"Two or Three" Book Club, Meeting 80
There's something about the closing post of a readalong/listenalong which makes me feel like a speech is in order, and I'm not that great at public speaking, as it is. But I'm not going to let that stop me from thanking everyone who contributed his thoughts to this short series: Angie, Brandon, Bob, Darwin and Mrs. Darwin, LTG, Sheila, and the mysterious Star Crunch, who stumbled into lurkerville as suddenly as he (or she?) stumbled out of it. My first foray into Old Time Radio wouldn't have been half as wonderful without you!
Our last play isn't going to be a Horror story, although its fitness for the Horror genre remains open to debate. I chose it because I've been curious about it for years, and I figured there was no better time to enjoy it at last. If you haven't heard it yet, here is your last chance before our discussion . . .
The first time I learned about this broadcast, I was in uni, studying H.G. Wells's War of the Worlds for a paper called "Literature and Visual Media". I still recall the incredulous sounds my classmates made when our lecturer (also known on this blog as The Good Professor) explained that a significant number of the first listeners truly thought that Martians were attacking--and they echoed in my memory while I listened to the first half of the play with a rather critical ear.
If I had been alive in 1938 and had "station surfed" into the first forty minutes of the broadcast, would I have been as easily convinced that an alien invasion were really happening? People who have known me for a while would say that the answer is yes . . . but they'd chalk it all up to my gullibility without givingOrson Welles any credit at all. And I think that Welles deserves a lot of credit: there is something about the first half of the play which is so ordinary that it's also convincing.

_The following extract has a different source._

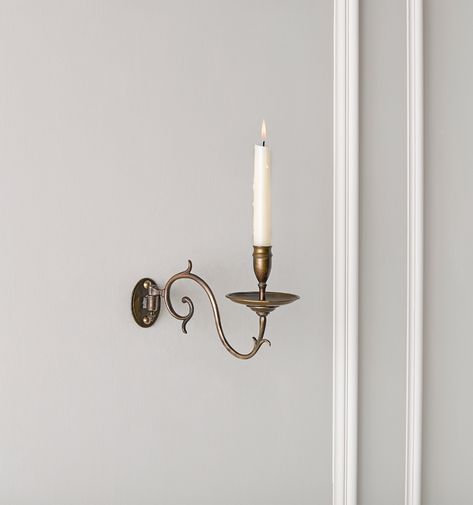 Breamore Candle Sconce | Wall Mounted Lights | Lighting | The Collection | Robert Kime Ltd. Wall Mounted Lights, Robert Kime, Vintage Wall Sconces, Decorative Wall Sconces, Wallpaper Furniture, Candle Wall Sconces, Curtain Poles, Candle Lamp, Wall Candles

We've heard radio-within-radio before in this haphazard blog series, but the other plays always made it clear that we were listening to other characters listening to the radio. Mercury Theatre on the Air doesn't give us a similar sense of distance from its broadcasts-within-the-broadcast. So those who know that it's a play essentially become the first characters, while those who don't know it's a play can be excused for believing it isn't. I can imagine a television programme with good production values being able to achieve the same effect--though it might be harder now that we expect to recognise the news anchors and reporters who interrupt our shows with urgent special reports. (Imagine what a good cameo could do . . .)
But the story isn't told entirely through news bulletins and interviews. Eventually, Professor Pierson takes over as a narrator and we lose the sense of immediacy built up by the first half of the play. At first, I wasn't too happy about that, and I doubted that I'd enjoy the "straight" drama after all the action-packed scenes that had come before. But then the artilleryman started rambling and I couldn't believe what I was hearing . . .
I might as well confess now that I sometimes read conspiracy theory blogs for kicks. No, not the Catholic conspiracy theory blogs (though Bl. Anne Katherine Emmerich's locutions are right up my alley), and not the "prepper" conspiracy theory blogs (though I find their hobby very interesting), but those by bloggers who see a worldwide catastrophe as both inevitable and one of the best possible things that could happen in their lifetimes. And frankly, the way they talk about people who are not on the same page as they, whom they anticipate having to kill in order to protect their own family members, is exactly like the way the artilleryman talks about people whom he imagines would be happy to live as pets to the Martians in exchange for being regularly fed. He, too, relishes the idea that he and other "strong men" will one day get to turn the tables on the Martians and their weaker Earthling brothers alike. Because there are only the elect and the reprobates, you know, and the former should act accordingly. I shouldn't have been so surprised when I learned that the two most dedicated among the aforementioned conspiracy theory bloggers were also Calvinists.
We never do learn the artilleryman's reaction to the news that the Martians have died, brought low not by the strength and ingenuity of mankind, but by "the putrefactive and disease bacteria against which their systems were unprepared . . . the humblest thing that God in His wisdom put upon this earth." I'd be more interested to the aforementioned bloggers' reactions to this play, but I guess I should just be grateful that they don't read my blog.
What are your thoughts on the War of the Worlds broadcast?
1) On a scale of 1 to 10, how believable do the news bulletins seem?
2) Do you think that the play should have stuck to a single format instead of having the second half be so strikingly different from the first?
3) If you've read H.G. Wells's novel, do you think Orson Welles was right to give the artilleryman such a big role in the script?